Etki: Amerika Birleşik Devletleri resesyona girerken, Avrupa daha az etkilenir. Federal Rezerv, faiz oranlarını çok daha hızlı bir şekilde düşürmek zorunda kalır.
2. Kongre, ara seçimler öncesinde "gümrük vergisi indirimlerini" onayladı.
Mali politika, 2026'da büyüme ve enflasyon için en önemli yukarı yönlü risklerden birini temsil ediyor. Başkan Donald Trump, "gümrük vergisi iadesi" adı altında 150 milyon Amerikalıya 2.000 dolarlık çek dağıtılması için Kongre'ye baskı yapıyor ve bu da enflasyonu tetiklemeye yardımcı olan pandemi dönemi teşvik paketlerini hatırlatıyor.
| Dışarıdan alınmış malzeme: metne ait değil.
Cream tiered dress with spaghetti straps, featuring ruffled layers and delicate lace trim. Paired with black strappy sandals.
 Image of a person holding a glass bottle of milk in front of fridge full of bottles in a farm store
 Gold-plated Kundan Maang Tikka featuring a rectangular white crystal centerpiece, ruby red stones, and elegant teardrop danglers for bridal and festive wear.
Hesaplamalar tam olarak örtüşmese ve sözde "büyük, güzel yasa tasarısı"nı haklı çıkarmak için gümrük vergileri zaten kullanılmış olsa da, Kasım ayındaki ara seçimler yaklaştıkça siyasi baskı yoğunlaşabilir.
Bu tür önlemler, yüksek yaşam maliyetleriyle mücadele eden ABD'li tüketicilerin en alt %60'ına yardımcı olabilirken, fonların büyük bir kısmı borç ödemek için kullanılabilir ve bu da 2020-2021'e kıyasla büyüme üzerindeki genel etkiyi sınırlayabilir.
Etki: ABD'de daha güçlü büyüme ve daha yüksek enflasyon. Federal Rezerv, para politikası kararları üzerindeki siyasi etkinin derecesine bağlı olarak daha şahin bir duruş sergiliyor.
3. Yapay zekâ ile ilgili arz darboğazları nedeniyle enflasyon geri dönüyor.
Pek çok ekonomist, özellikle de Federal Rezerv içindeki daha barışçıl sesler, yapay zekanın enflasyonu düşürmeye yardımcı olacak büyük bir verimlilik artışı sağlayacağını bekliyor. Peki ya bu varsayım yanlış çıkarsa?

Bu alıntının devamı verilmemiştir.